#### What is expected:
Only the lines from the one containing "1+1 Wohnung In" to the end of the data should be copied, exactly and without pictures.

#### Entries provided:

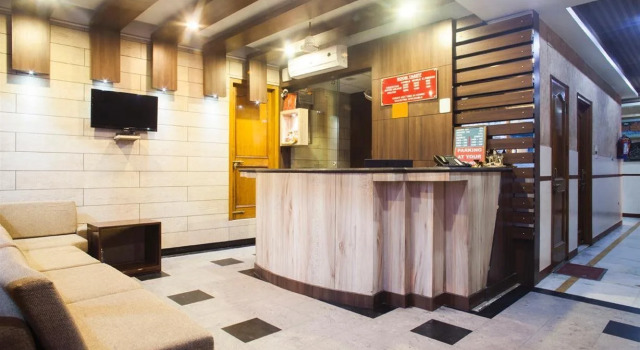 Hotel Ganga Maiya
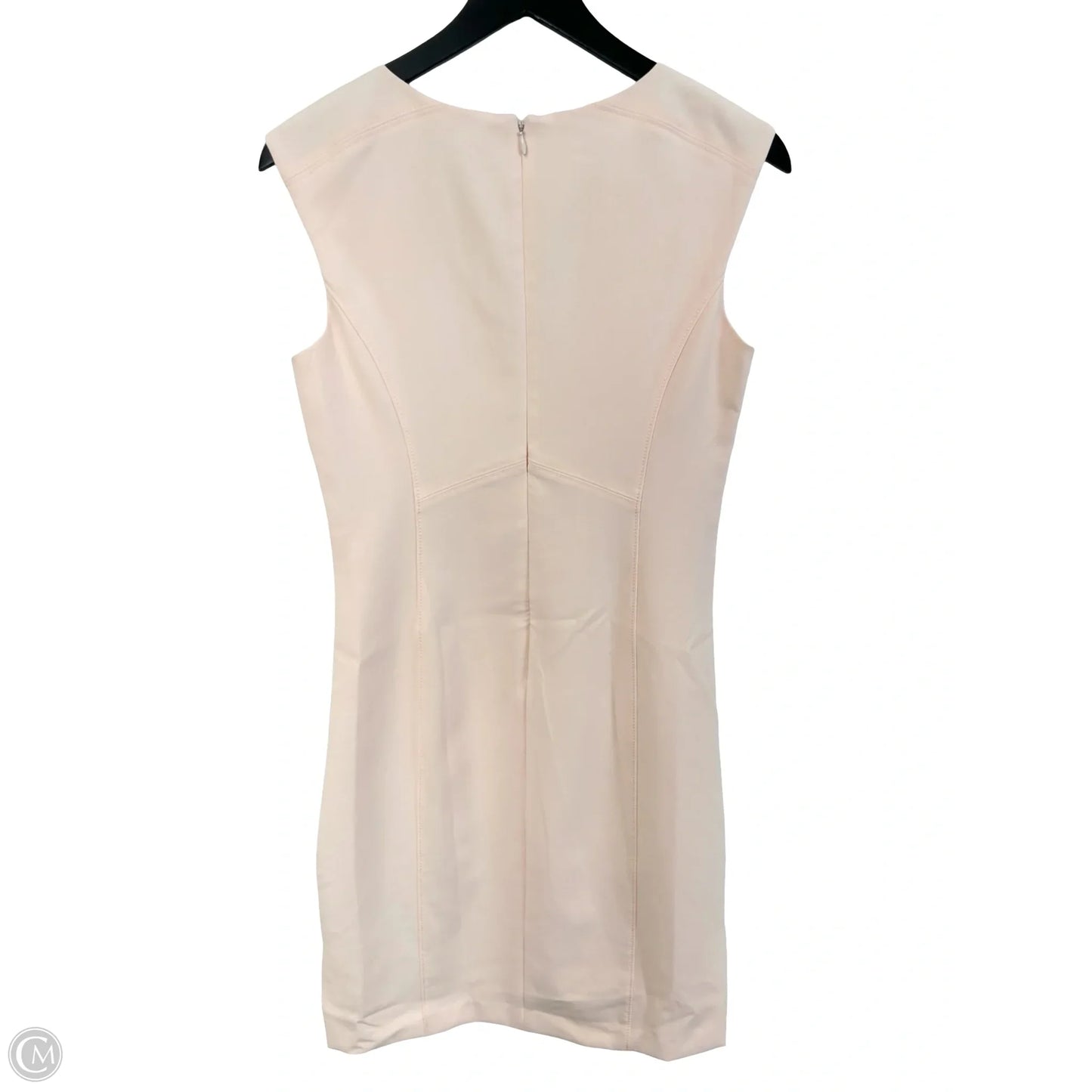 Dress Work By White House Black Market In Pink, Size: 4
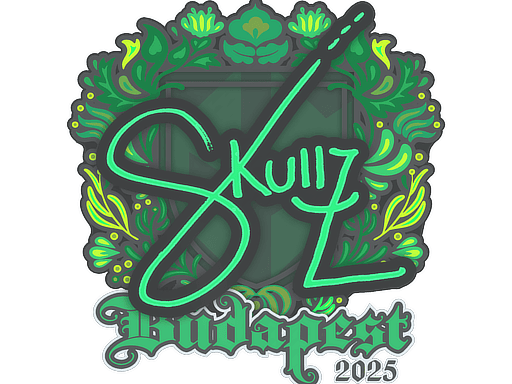 skullz | Budapest 2025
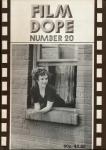 Film Dope No. 20 (April 1980)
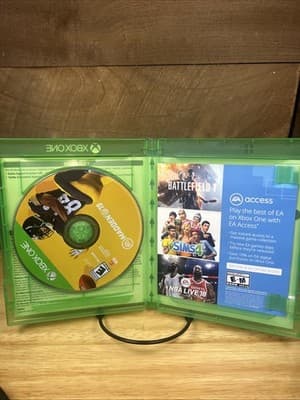 Madden NFL 19 (2018) – Xbox One – Microsoft – EA Sports - Thumbnail 3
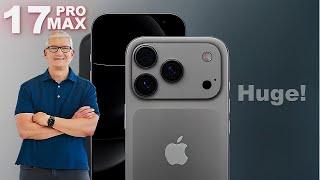iPhone 17 Pro Max - This Is Impressive!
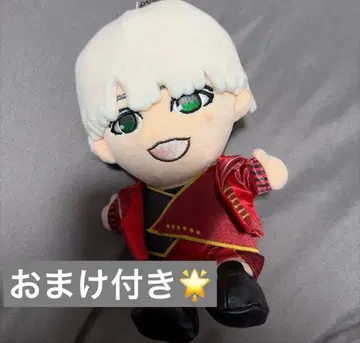 쟈니즈 WEST 카미야마 토모히로 굿즈 치비 스트 봉제 인형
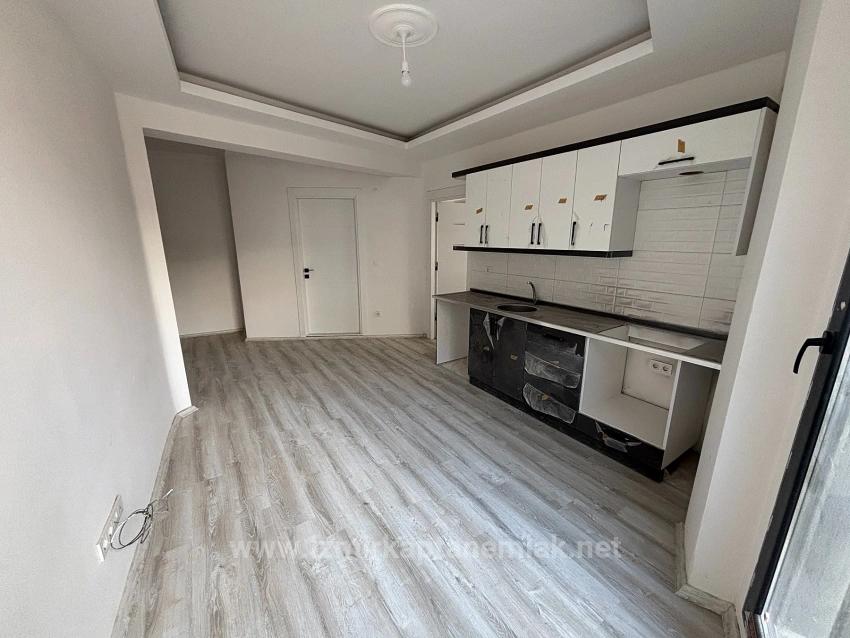 1+1 Wohnung In Toller Lage In Turabiye, Seferihisar, Izmir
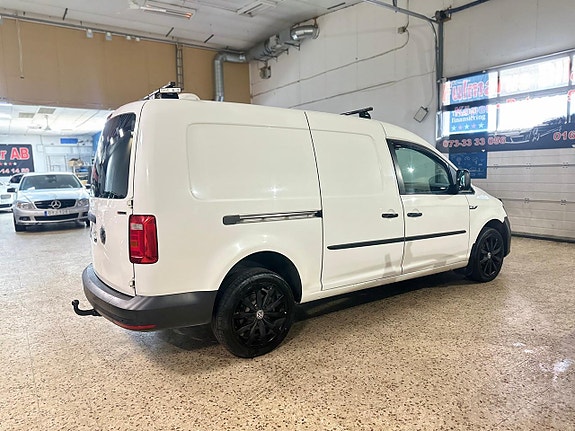 Volkswagen Caddy Maxi 5 of 5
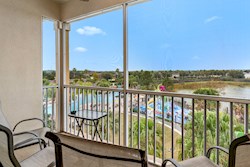 View from Balcony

#### Result of the task:
 1+1 Wohnung In Toller Lage In Turabiye, Seferihisar, Izmir
 Volkswagen Caddy Maxi 5 of 5
 View from Balcony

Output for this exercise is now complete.